Down the road, Mathis flashed the headlights of our second vehicle, letting us know he’d returned with more supplies.

We were approximately an hour outside Blanco grounds, but they still had men everywhere. All we could do was set up camp as far away from civilization as possible and hope Blanco scouts weren’t around. We did have our own tech up, so I wasn’t exactly worried. Every ding from the laptop in the Jeep had come from registered heat signatures of wildlife.

“Round up,” Elliott announced. “Assuming River and Reese want the first sector for the next shift, Joel and I will do sector two—the Finlay brothers, sector three. Coach, the Paynes, and Mathis will assist in the background.”

“I really don’t like being in the background,” Danny muttered. “I’m just not a background kind of man.”

We’d need him plenty for close combat later, but he had enough shrapnel in his leg and hip to light up a metal detector like a Christmas tree, and he couldn’t run great distances any longer.

Mathis lit a smoke and opened up the back of the Jeep. “Any word from the inside?”

“Last one was two hours ago,” Emerson replied. “Crew and Mercier concluded a sit-down with Marco and Enzo Blanco, and now we know Luiz Gajero is setting up Carillo Mesa’s human trafficking operations. We think they’re headed for Europe too.”

I snuck a glance at Elliott and Joel, seeing their clenched jaws and anger.

I knew exactly what they were thinking. For weeks, we’d had the slightest comfort of believing we’d get our loved ones back as soon as Carillo was happy—as in, as soon as Vincente was dead. And Carillo hadn’t figured out we were carrying out our own chase. But now… Shay had been sent here to Colombia, and Marisa and Blake were in the hands of a man who was hoping to strike gold in human trafficking.

Coach joined me briefly and handed me an energy bar and a bottle of water before he went to give the others the same things.

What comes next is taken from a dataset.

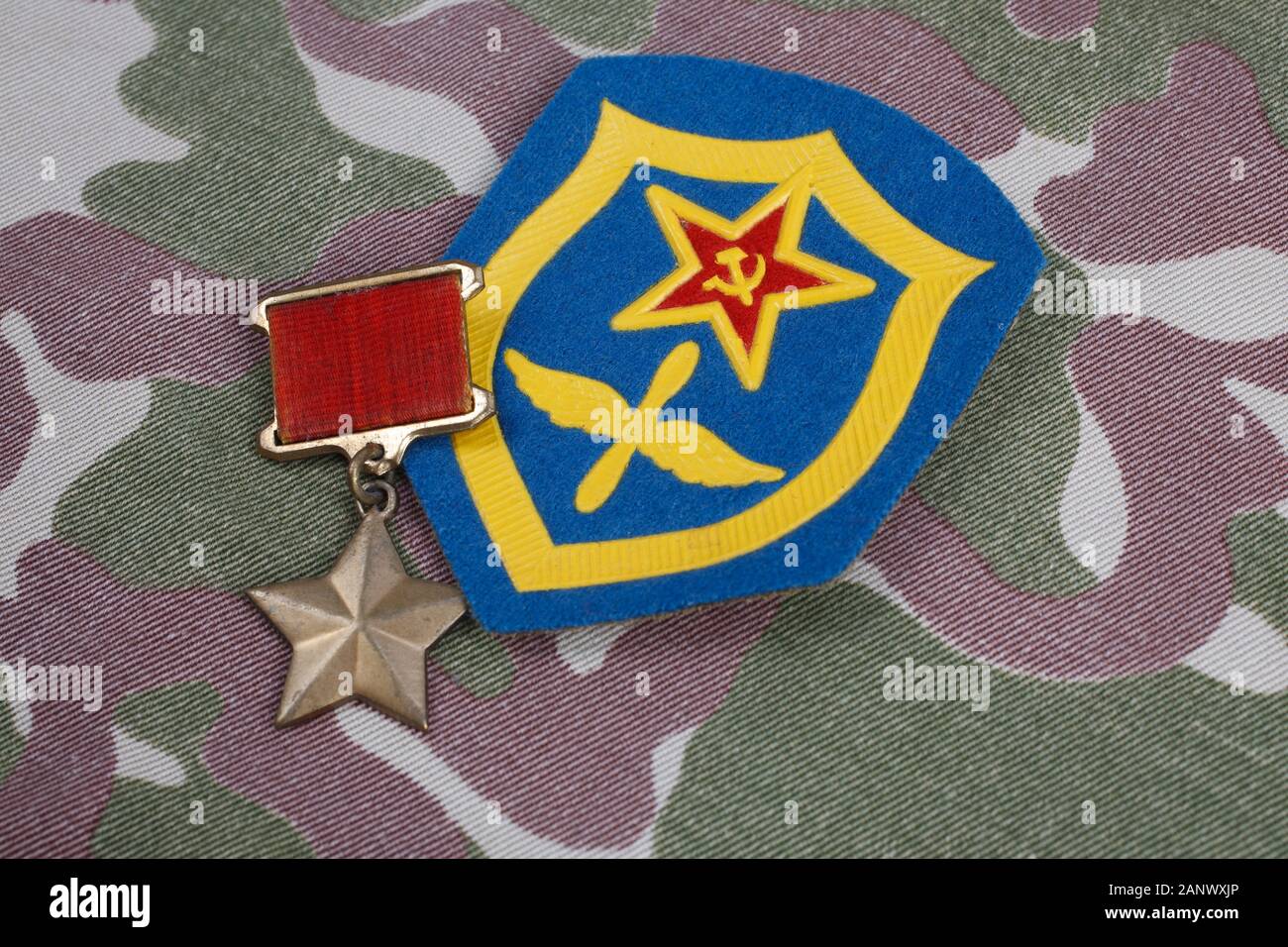 RUSSIE - UNION SOVIÉTIQUE Médaille, Centenaire de Lénine fme_804500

I sent River a pointed look to eat.

We knew our next step; we weren’t going to sit still while we waited for Crew and Mercier. We had to continue mapping out Blanco’s first line of defense, which was the goddamn jungle. We’d established the perimeter, and we’d located eleven watchtowers—simple, wooden constructions—one pipeline, too much trip wire, and four narrow paths patrolled by four-wheelers. Watchtowers and roads were good. They indicated permanent lookout positions, which beat stumbling upon random guards in the middle of nowhere. Those guards still existed, but it helped to mark the fixed locations too.

While the others talked among themselves and continued setting up our campsite, Greer, Elliott, and I kept studying the map.

Our three sectors included number two, west of the entrance, number one, the entrance itself, and number three, east of it. Greer and Cullen had searched fruitlessly for hidden roads and tunnels, and I reckoned they’d continue their search in the third sector when we headed out again.

I chewed on a mouthful of the meal bar and drew a line between the outer watchtowers, six of them, always occupied by two guards. Based on the distance between the towers, the area we covered would have dozens of them.